The major expense in establishing a geographic information system (GIS) is converting paper maps to digital. This paper describes a system that scans and semi-automatically digitizes Italian Land Register Authority maps, allowing their replacement by a GIS. Because of the accuracy required, manual conversion or tracing was estimated at 20 hours per map; the system described cuts this to half an hour of automated processing and three hours of interactive processing, for a total saving of 5.1 million person-hours over the 300,000 sheets.
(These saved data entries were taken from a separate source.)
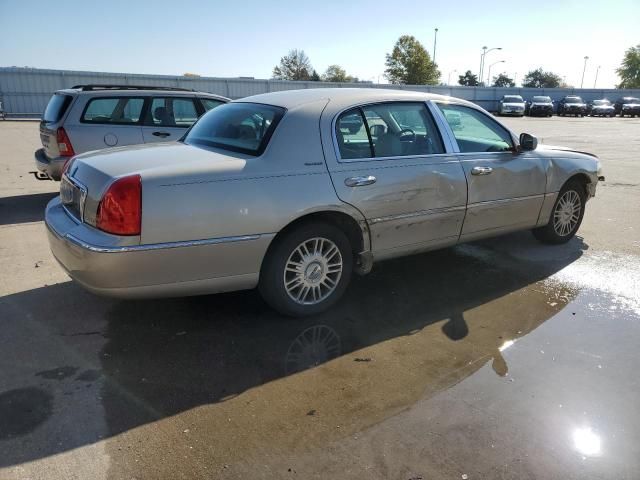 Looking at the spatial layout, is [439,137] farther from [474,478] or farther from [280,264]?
[474,478]

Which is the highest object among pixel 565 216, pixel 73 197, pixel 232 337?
pixel 73 197

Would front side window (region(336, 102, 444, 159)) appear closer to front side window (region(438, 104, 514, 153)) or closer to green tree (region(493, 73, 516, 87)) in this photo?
front side window (region(438, 104, 514, 153))

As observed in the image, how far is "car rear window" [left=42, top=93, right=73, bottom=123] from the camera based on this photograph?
7238 millimetres

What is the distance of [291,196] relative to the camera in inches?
138

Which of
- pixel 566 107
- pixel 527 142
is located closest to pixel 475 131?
pixel 527 142

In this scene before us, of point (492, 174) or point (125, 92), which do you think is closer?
point (492, 174)

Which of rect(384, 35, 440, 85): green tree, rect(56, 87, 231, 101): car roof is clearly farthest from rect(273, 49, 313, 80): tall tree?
rect(56, 87, 231, 101): car roof

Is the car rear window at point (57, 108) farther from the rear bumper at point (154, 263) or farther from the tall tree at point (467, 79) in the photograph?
the tall tree at point (467, 79)

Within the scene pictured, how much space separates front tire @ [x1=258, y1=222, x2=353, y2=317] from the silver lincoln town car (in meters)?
0.01

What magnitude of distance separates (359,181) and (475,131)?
1.68 metres

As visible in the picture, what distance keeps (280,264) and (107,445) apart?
160cm

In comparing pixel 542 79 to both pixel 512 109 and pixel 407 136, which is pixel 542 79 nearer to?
pixel 512 109

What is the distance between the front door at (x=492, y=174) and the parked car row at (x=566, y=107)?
35813 millimetres

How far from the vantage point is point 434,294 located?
4.48 meters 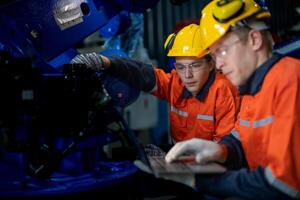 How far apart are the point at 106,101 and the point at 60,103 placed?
19 cm

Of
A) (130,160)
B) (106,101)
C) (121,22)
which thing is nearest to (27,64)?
(106,101)

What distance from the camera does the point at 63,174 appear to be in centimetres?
211

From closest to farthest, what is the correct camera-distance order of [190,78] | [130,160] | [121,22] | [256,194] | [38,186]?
[256,194], [38,186], [130,160], [190,78], [121,22]

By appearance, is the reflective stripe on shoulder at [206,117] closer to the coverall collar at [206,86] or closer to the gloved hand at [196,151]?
the coverall collar at [206,86]

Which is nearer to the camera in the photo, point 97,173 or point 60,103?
point 60,103

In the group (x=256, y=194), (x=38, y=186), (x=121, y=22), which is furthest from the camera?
(x=121, y=22)

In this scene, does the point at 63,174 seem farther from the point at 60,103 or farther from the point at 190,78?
the point at 190,78

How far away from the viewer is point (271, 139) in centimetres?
167

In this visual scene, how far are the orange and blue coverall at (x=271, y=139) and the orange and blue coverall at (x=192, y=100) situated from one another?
64 cm

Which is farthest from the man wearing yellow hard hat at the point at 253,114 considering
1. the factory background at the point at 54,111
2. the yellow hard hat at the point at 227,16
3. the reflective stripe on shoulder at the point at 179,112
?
the reflective stripe on shoulder at the point at 179,112

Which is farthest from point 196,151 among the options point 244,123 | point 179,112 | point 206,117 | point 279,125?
point 179,112

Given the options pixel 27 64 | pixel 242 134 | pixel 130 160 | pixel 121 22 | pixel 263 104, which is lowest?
pixel 130 160

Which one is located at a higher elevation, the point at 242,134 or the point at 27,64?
the point at 27,64

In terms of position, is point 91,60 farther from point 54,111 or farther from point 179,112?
point 179,112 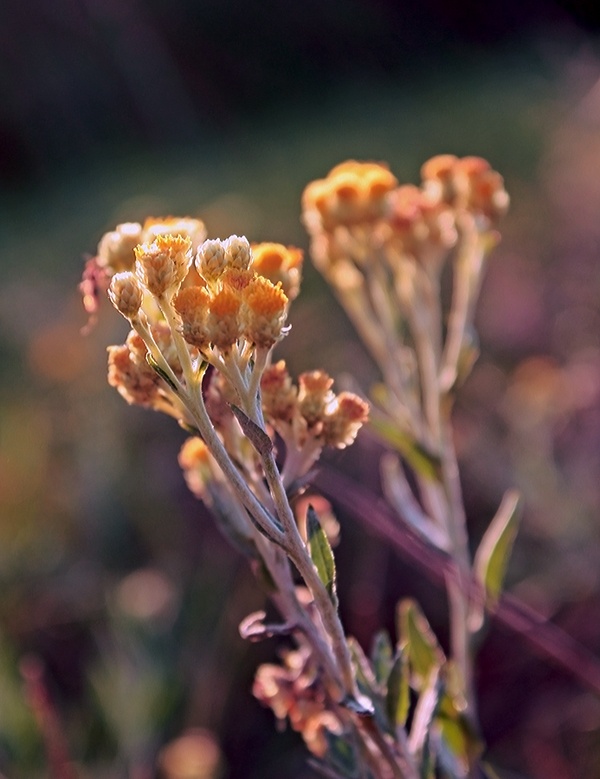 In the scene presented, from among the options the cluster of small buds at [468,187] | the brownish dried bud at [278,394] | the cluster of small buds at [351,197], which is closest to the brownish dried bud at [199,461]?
the brownish dried bud at [278,394]

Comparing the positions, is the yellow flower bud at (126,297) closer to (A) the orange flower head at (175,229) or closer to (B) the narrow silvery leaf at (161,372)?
(B) the narrow silvery leaf at (161,372)

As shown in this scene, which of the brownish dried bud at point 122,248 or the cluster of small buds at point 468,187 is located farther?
Answer: the cluster of small buds at point 468,187

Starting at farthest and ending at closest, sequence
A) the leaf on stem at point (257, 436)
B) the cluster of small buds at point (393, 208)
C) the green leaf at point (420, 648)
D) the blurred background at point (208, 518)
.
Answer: the blurred background at point (208, 518) → the cluster of small buds at point (393, 208) → the green leaf at point (420, 648) → the leaf on stem at point (257, 436)

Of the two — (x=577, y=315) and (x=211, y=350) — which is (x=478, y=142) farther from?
(x=211, y=350)

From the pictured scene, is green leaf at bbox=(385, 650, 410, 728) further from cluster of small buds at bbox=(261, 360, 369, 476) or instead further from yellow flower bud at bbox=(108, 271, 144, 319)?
yellow flower bud at bbox=(108, 271, 144, 319)

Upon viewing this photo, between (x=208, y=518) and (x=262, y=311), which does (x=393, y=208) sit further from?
(x=208, y=518)

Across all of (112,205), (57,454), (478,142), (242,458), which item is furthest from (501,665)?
(112,205) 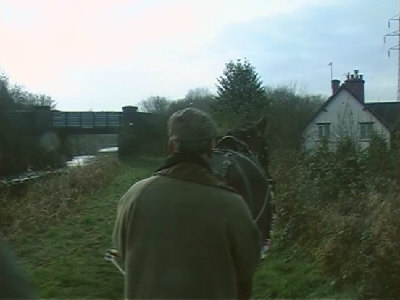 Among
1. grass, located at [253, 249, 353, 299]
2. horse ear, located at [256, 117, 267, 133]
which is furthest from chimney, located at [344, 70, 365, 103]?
horse ear, located at [256, 117, 267, 133]

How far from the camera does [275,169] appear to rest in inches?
542

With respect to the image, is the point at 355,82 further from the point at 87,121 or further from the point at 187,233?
the point at 187,233

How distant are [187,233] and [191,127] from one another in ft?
1.68

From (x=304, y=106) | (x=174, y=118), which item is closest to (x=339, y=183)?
(x=174, y=118)

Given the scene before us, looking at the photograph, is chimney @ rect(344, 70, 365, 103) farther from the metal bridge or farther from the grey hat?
the grey hat

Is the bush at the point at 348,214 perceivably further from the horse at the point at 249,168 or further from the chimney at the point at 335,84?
the chimney at the point at 335,84

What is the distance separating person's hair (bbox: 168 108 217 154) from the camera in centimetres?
290

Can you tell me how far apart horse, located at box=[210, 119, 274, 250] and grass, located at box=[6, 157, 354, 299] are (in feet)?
5.17

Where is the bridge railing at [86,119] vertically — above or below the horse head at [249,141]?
above

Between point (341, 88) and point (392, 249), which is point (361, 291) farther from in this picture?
point (341, 88)

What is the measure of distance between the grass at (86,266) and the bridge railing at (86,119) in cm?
1526

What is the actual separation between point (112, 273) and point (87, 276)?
435 millimetres

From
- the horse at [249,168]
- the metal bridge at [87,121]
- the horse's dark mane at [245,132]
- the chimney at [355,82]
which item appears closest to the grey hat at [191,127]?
the horse at [249,168]

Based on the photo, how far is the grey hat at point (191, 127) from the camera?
114 inches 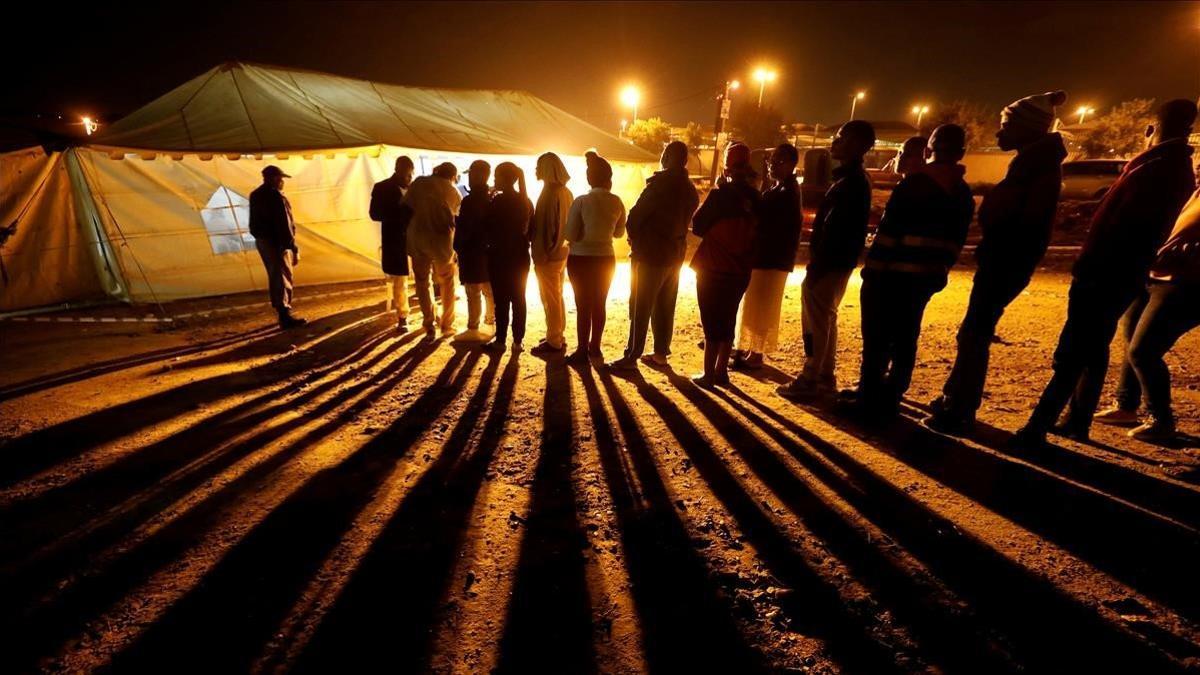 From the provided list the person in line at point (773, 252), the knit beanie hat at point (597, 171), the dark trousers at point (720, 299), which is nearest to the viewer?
the dark trousers at point (720, 299)

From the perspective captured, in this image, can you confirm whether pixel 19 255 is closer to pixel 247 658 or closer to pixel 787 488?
pixel 247 658

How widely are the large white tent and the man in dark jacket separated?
2654 millimetres

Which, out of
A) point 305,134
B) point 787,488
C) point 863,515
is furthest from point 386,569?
Result: point 305,134

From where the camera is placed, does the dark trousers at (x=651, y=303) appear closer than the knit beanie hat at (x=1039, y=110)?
No

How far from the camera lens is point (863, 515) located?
276 cm

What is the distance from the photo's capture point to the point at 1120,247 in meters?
3.03

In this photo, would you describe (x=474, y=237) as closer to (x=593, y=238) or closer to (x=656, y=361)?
(x=593, y=238)

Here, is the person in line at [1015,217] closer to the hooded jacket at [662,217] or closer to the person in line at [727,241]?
the person in line at [727,241]

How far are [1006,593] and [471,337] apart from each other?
5054mm

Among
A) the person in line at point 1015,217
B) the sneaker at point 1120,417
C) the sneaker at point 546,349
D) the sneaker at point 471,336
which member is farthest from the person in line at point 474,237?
the sneaker at point 1120,417

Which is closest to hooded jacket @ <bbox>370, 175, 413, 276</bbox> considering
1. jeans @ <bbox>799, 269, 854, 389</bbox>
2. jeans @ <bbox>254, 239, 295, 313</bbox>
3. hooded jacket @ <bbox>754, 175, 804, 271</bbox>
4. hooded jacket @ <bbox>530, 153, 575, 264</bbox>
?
jeans @ <bbox>254, 239, 295, 313</bbox>

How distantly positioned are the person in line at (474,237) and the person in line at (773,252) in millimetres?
2670

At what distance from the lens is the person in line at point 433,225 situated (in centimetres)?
573

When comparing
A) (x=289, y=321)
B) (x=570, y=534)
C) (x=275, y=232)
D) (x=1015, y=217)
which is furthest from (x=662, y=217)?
(x=289, y=321) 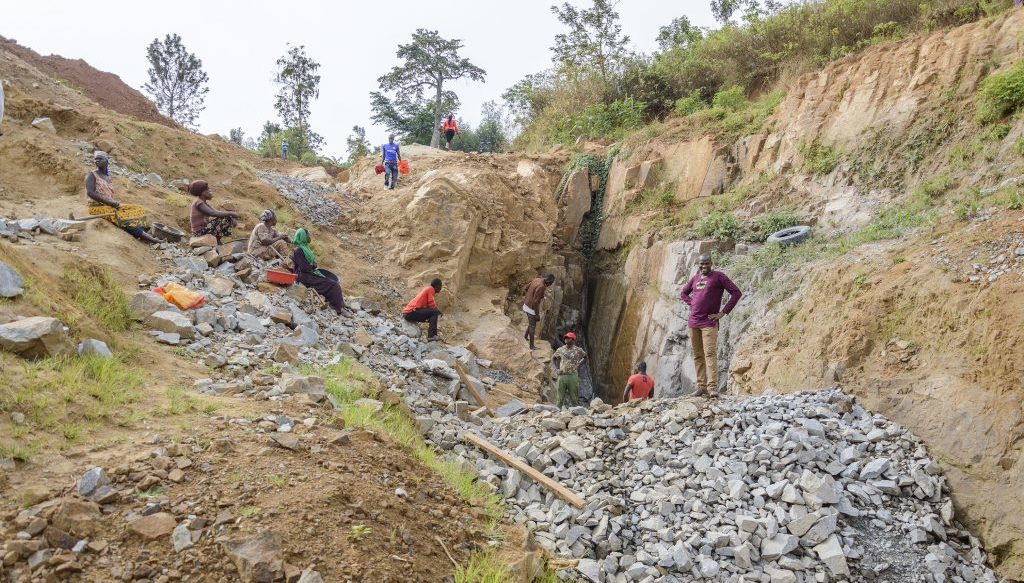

The system works in four phases. First, a map is scanned and the lines found are converted to a graph structure of edges and nodes. Second, the graph representation is searched for shading (multiple parallel lines), continuous lines, and dashed lines. Third, the line candidates are vectorized as lines or symbols. Fourth, high-level entities are recognized. Testing indicates that over 90 percent of map features are correctly identified automatically, and operator intervention deals with the remainder.
The paper clearly describes the approach and high-level design of the system, but does not give algorithm details; it includes no general discussion of the problem of automatic recognition or consideration of alternative approaches. Judging by the example figures in the paper, Italian Land Register maps are relatively clean drawings with uncomplicated semantics. This system appears to be a major success, however, and will be of interest to other government instrumentalities and utilities with large backlogs of maps to digitize.